● EXERCISE INPUT
++++++++++++++++++++

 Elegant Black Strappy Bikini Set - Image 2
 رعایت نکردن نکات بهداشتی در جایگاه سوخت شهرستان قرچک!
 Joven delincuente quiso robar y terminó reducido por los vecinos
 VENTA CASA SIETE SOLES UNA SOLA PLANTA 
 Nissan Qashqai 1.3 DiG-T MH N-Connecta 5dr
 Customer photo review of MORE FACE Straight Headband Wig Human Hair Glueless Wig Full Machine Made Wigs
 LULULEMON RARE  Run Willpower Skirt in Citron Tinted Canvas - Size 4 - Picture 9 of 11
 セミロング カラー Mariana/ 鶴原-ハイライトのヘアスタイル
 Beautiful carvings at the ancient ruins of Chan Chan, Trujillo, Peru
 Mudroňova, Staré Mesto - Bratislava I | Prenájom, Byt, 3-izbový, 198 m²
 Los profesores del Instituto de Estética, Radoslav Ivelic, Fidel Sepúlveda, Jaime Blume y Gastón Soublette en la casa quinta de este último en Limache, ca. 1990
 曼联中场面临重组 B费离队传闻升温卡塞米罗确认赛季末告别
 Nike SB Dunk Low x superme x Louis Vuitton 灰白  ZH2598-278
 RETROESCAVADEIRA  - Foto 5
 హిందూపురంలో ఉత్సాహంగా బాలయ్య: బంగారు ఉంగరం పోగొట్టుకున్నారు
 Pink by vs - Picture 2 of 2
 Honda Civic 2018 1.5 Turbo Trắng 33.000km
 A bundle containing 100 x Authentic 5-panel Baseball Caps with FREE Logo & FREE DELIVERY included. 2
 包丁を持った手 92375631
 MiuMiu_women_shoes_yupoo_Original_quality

++++++++++++++++++++

Go to the line in the listing above that has "A bundle containing" in it. Set down that line and each one after it, exactly.

● TASK SOLUTION
 A bundle containing 100 x Authentic 5-panel Baseball Caps with FREE Logo & FREE DELIVERY included. 2
 包丁を持った手 92375631
 MiuMiu_women_shoes_yupoo_Original_quality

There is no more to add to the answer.